DNA Structure and Function | Biochemistry for MCAT PDF Download

DNA (Deoxyribonucleic Acid)

• DNA is an essential molecule that serves as the carrier of genetic information in living organisms. It acts as a repository of instructions for the synthesis of various proteins. Within each cell of an organism, this vital information is housed in 46 chromosomes, which are composed of numerous smaller segments of DNA known as genes. Each gene contains specific directions for the production of protein fragments, complete proteins, or even multiple distinct proteins.
• The unique molecular structure of DNA, coupled with the remarkable efficiency of specialized enzymes, enables it to fulfill its crucial biological role. These enzymes have evolved to interact precisely with the molecular structure of DNA, facilitating various processes related to gene expression. The exceptional compatibility between DNA's structure and the activities of these enzymes has established DNA as the universal molecule for storing, expressing, and transmitting instructions for protein synthesis across all forms of life. Throughout the course of evolution, no alternative molecule has emerged that surpasses the effectiveness of DNA in carrying out these fundamental functions.

The molecular structure of DNA

DNA, or deoxyribonucleic acid, possesses a unique molecular structure that is pivotal to its biological function. To comprehend this structure, it is essential to familiarize oneself with the terminology associated with the constituent components of DNA and how these components combine to form DNA molecules.

DNA molecules are polymers

DNA molecules are classified as polymers, which are extensive structures constructed by repeatedly linking together smaller units known as monomers. A useful analogy is envisioning a freight train, where individual boxcars are connected in a sequence, or constructing a sentence by combining specific letters in a particular order. Similarly, in the case of DNA, monomers called nucleotides are assembled in a chain-like fashion to form the DNA polymer.

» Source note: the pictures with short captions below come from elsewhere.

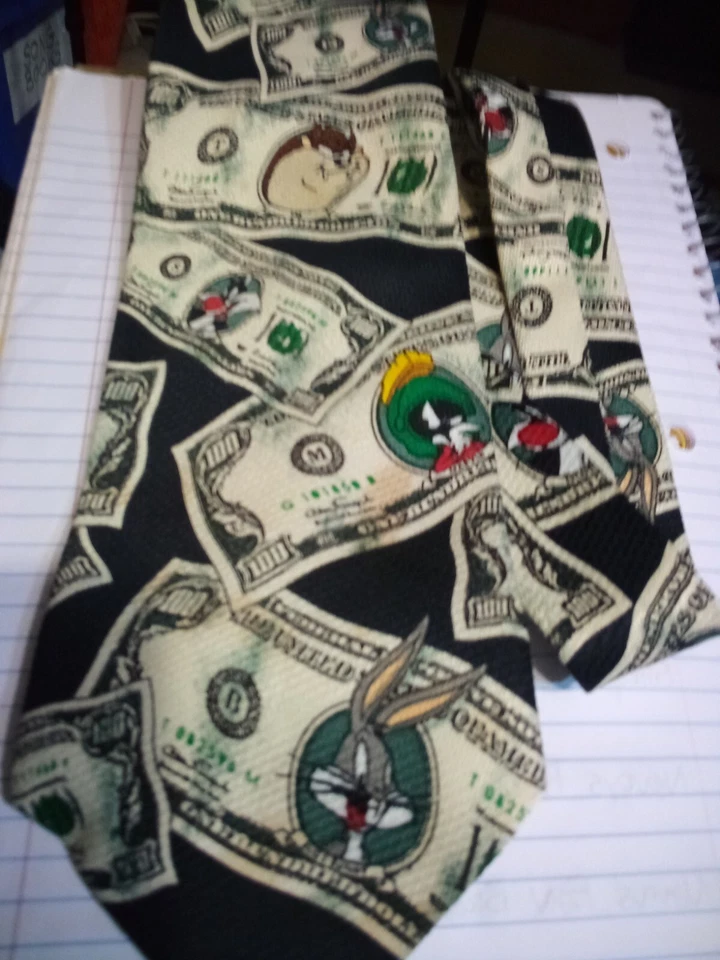 Corbata vintage de dibujos animados Money Taz, Bugs, Marvin Warner Brothers Looney Tunes 1998 Foto 1 de 4
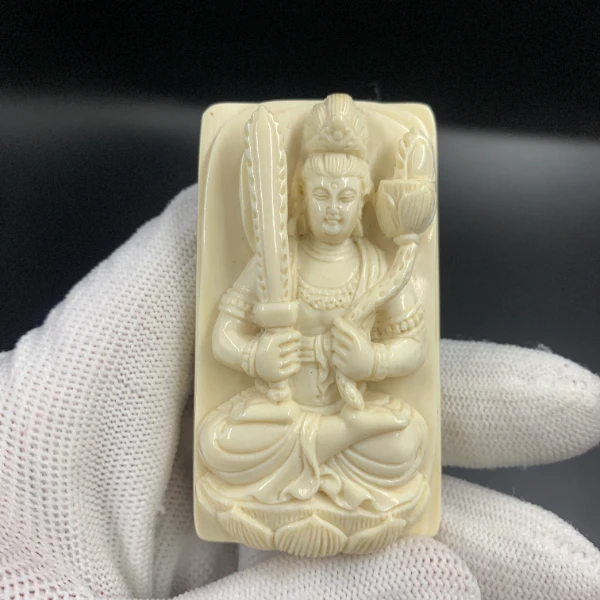 C9412天然猛犸牙雕刻牌 支持鉴定 假一罚四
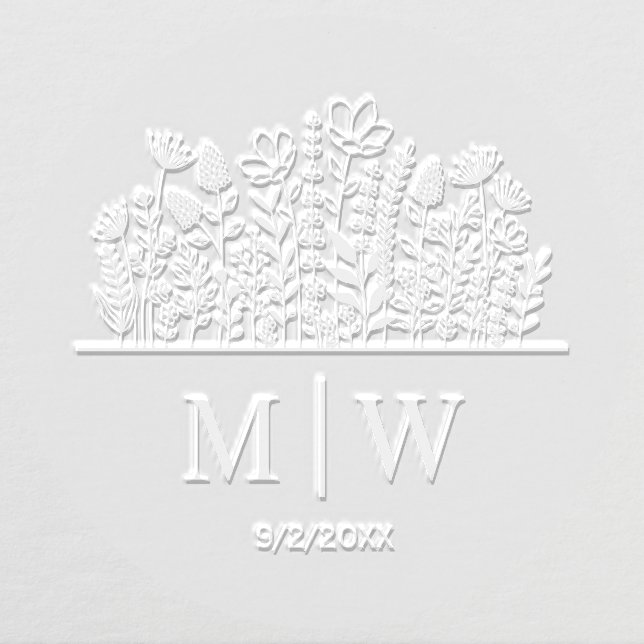 Elegant Wildflowers #2B Wedding Couple Names Date Embosser (Design)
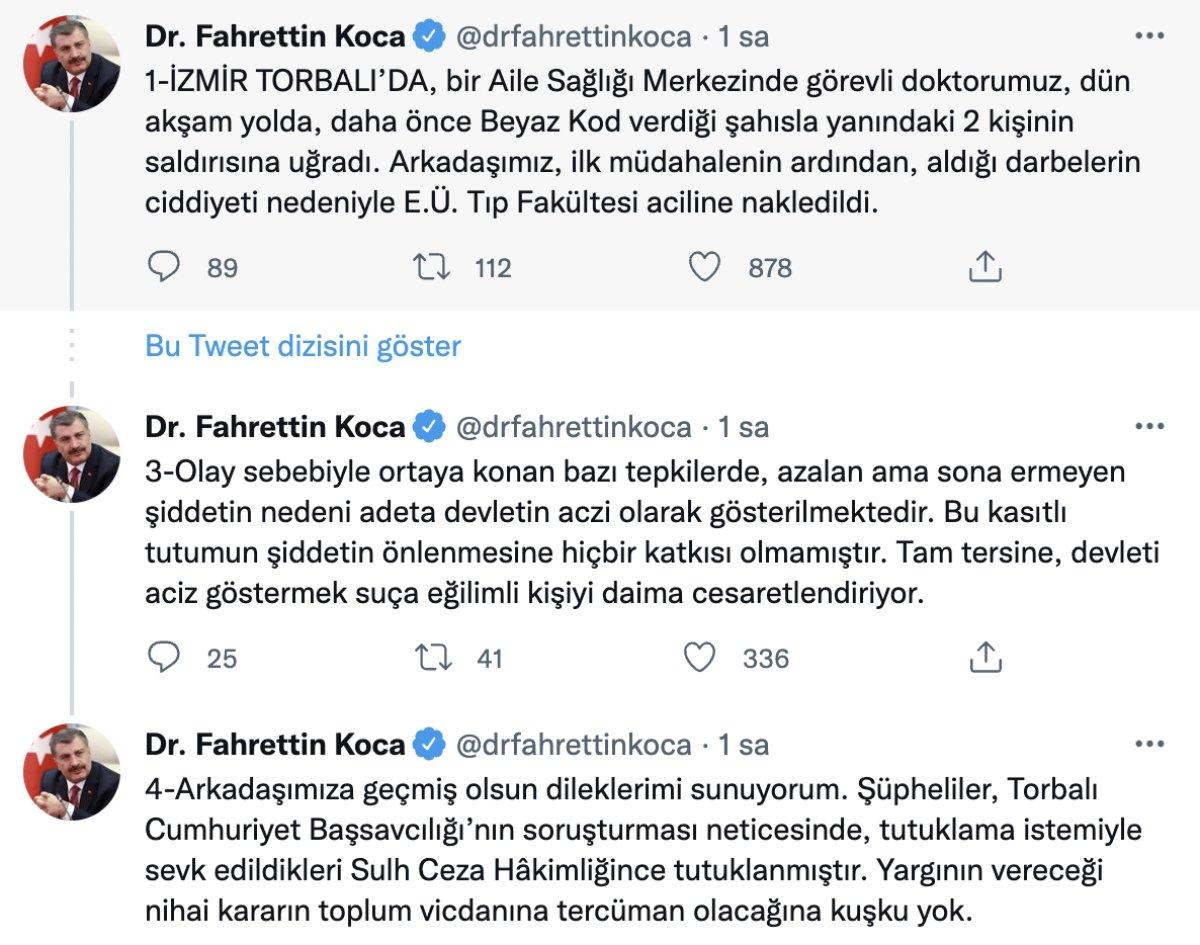 Fahrettin Koca'dan İzmir'de bir aile hekiminin darbedilmesine tepki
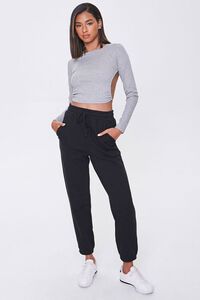HEATHER GREY Ribbed Open-Back Crop Top, image 4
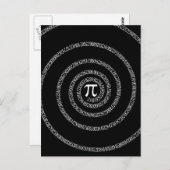 Spiral voor Pi op zwart decor Briefkaart (Voorkant / Achterkant)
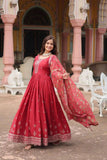 Festival Wear Chinon Rich Sequins Embroidered Gown -Gowns Maroon / M women's fashion mart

DNA monomers are called nucleotides

Nucleotides serve as the monomers of DNA. Just as individual letters form the building blocks of a sentence polymer, DNA polymers are formed by linking together nucleotide monomers. The DNA alphabet consists of four nucleotide monomers: A (adenine), C (cytosine), T (thymine), and G (guanine). Each nucleotide monomer comprises three molecular components: a sugar, a phosphate group, and a nucleobase. It is important to note that the term "base" here refers to a distinct concept and should not be confused with a substance that alters the pH of a solution.

The sugar and acid in all four monomers are the same

All four nucleotide monomers share a common sugar and acid composition. The sugar present in each nucleotide is called deoxyribose. Deoxyribose is a cyclic molecule with a ring-like structure composed of one oxygen atom and four carbon atoms. An additional carbon atom is attached to the fourth carbon of the ring structure. Deoxyribose also features a hydroxyl group (-OH) connected to the third carbon within the ring structure.

The phosphate group, a crucial component of nucleotides in DNA, consists of a phosphorus atom bonded to four oxygen atoms. The phosphorus atom within the phosphate group exhibits a notable affinity for bonding with other oxygen atoms, such as the oxygen atom extending from the deoxyribose sugar of another nucleotide. This propensity for bonding allows for the formation of the backbone of the DNA molecule, as the phosphate groups link together, creating a continuous chain.

The four nucleotide monomers are distinguished by their bases

Each type of nucleotide has a different nucleobase stuck to its deoxyribose sugar.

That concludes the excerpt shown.